14. «A advocacia colegiada é a predominante na Europa ocidental e define-se pela existência de um ou mais organismos em que é obrigatória a inscrição dos advogados. Caracteriza-se pela sua independência e autonomia face ao Estado, pertencendo à Ordem (...) o poder disciplinar e a organização jurídica da profissão.».
15. Resulta sem mácula de dúvida que o sistema de organização profissional dos advogados em Macau e, correspondentemente, a AAM, insere-se na sobredita advocacia colegiada cujos caracteres essenciais e co-naturais à sua especial natureza jurídica - de ordem constitucional, legal, jurisprudencial e doutrinária - representam uma opção clara e fundada não, podendo, destarte, ser objecto de alteração essencial, menos ainda de simples extinção, sob pena de tal representar uma desconformidade com a Lei Básica e com a Declaração Conjunta e um desafio frontal ao princípio da continuidade.
16. A Lei Básica de Macau (aprovada em 31 de Março de 1993, para entrar em vigor em 20 de Dezembro de 1999), na sequência da Declaração Conjunta de 13 de Abril de 1987, contém um catálogo substantivo de direitos fundamentais, entre os quais o da liberdade de escolha de profissão e de emprego, donde se salientam os preceitos normativos jus-constitucionais enunciadores de importantes princípios definidores do sistema de direitos fundamentais em Macau que constam dos Art.ºs 4.º, 11.º e 25.º.
17. Pois bem, um desses princípios é, precisamente, o da reserva de lei, rectius, da reserva de lei quanto às restrições dos direitos fundamentais.

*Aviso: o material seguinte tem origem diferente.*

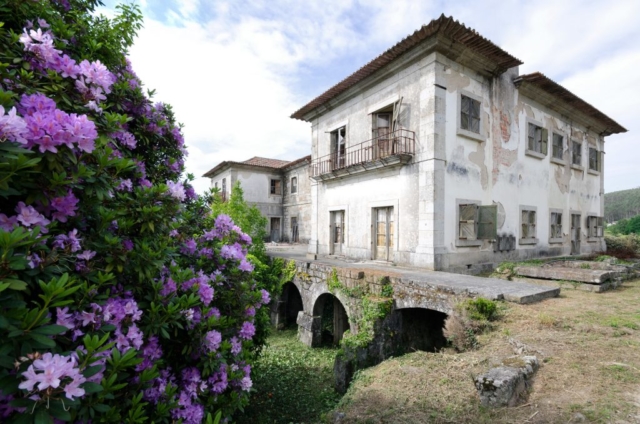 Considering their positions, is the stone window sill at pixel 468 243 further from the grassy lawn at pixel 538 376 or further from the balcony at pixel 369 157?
the grassy lawn at pixel 538 376

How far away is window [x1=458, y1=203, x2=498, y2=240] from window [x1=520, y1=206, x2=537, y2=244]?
3.20m

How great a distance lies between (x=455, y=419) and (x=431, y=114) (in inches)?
330

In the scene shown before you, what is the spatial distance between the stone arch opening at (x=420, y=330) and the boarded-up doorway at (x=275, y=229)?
1818cm

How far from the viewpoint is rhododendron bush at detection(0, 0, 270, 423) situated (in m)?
1.36

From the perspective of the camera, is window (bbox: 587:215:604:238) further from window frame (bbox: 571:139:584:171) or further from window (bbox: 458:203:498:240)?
window (bbox: 458:203:498:240)

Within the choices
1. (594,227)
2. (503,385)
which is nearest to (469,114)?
(503,385)

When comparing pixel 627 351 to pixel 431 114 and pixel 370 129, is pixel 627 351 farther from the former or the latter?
pixel 370 129

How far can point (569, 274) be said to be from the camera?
863cm

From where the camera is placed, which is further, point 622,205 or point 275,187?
point 622,205

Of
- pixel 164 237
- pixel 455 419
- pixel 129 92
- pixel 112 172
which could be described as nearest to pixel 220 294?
pixel 164 237

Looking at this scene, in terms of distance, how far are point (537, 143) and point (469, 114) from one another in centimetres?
466

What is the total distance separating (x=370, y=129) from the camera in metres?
11.9

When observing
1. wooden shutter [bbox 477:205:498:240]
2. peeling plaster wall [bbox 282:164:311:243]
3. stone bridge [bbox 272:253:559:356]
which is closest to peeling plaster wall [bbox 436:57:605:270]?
wooden shutter [bbox 477:205:498:240]

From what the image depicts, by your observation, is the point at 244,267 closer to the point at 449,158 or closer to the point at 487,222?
the point at 449,158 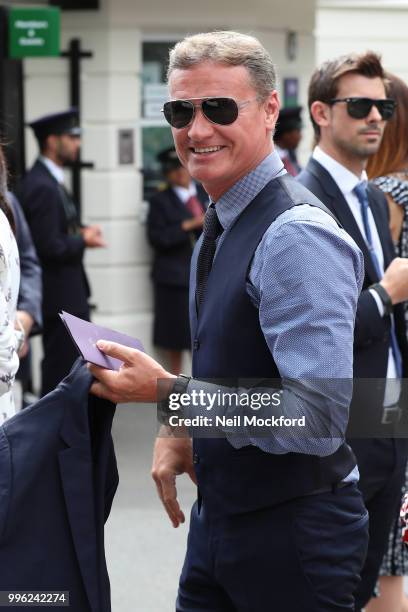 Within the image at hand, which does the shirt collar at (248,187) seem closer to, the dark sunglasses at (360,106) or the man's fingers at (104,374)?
the man's fingers at (104,374)

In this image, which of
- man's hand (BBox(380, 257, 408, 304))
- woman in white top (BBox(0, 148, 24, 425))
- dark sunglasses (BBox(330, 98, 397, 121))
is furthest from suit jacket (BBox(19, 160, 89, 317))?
woman in white top (BBox(0, 148, 24, 425))

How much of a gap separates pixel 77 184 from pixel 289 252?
8.40 metres

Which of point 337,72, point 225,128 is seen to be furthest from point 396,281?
point 225,128

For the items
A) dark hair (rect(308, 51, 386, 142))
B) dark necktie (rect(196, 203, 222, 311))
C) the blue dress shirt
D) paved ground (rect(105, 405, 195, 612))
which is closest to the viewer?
the blue dress shirt

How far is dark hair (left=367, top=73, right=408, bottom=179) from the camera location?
499 cm

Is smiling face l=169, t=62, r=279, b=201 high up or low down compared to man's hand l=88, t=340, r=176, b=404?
up

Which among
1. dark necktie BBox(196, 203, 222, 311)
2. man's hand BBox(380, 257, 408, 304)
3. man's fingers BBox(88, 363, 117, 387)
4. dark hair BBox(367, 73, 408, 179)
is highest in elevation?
dark hair BBox(367, 73, 408, 179)

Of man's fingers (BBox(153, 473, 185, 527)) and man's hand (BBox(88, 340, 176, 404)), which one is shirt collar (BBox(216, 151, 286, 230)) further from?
man's fingers (BBox(153, 473, 185, 527))

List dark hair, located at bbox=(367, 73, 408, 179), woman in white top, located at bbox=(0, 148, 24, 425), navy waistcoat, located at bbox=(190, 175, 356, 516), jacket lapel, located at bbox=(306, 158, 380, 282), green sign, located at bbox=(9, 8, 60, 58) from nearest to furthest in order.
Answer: navy waistcoat, located at bbox=(190, 175, 356, 516), woman in white top, located at bbox=(0, 148, 24, 425), jacket lapel, located at bbox=(306, 158, 380, 282), dark hair, located at bbox=(367, 73, 408, 179), green sign, located at bbox=(9, 8, 60, 58)

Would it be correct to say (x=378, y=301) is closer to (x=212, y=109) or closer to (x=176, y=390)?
(x=212, y=109)

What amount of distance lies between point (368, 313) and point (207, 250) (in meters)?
1.07

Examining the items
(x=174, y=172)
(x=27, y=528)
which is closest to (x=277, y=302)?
(x=27, y=528)

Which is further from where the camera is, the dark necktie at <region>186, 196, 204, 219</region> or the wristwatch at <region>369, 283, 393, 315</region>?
the dark necktie at <region>186, 196, 204, 219</region>

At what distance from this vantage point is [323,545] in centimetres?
291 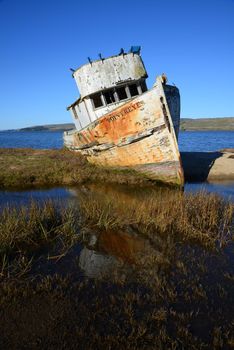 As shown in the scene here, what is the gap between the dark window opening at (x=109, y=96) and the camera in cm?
1453

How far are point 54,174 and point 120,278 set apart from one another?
9.02m

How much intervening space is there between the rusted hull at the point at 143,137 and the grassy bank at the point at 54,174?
2.23 feet

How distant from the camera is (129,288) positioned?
450 cm

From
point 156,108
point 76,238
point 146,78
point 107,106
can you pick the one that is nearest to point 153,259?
point 76,238

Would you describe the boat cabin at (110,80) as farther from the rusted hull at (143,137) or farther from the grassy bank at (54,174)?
the grassy bank at (54,174)

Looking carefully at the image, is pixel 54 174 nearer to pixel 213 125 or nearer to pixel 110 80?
pixel 110 80

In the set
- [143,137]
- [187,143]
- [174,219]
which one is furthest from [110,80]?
[187,143]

Com efeito, determina o segundo parágrafo do artigo 40.º da Lei Básica: «Os direitos e as liberdades de que gozam os residentes de Macau, não podem ser restringidos excepto nos casos previstos na lei.»,
18. A restrição a um direito fundamental pode ser brevemente descrita como uma actuação que atinge ou afecta o conteúdo dos direitos e liberdades fundamentais gozados pelos residentes de Macau, uma compressão ou diminuição do âmbito material ou pessoal destas posições jurídicas subjectivas fundamentais.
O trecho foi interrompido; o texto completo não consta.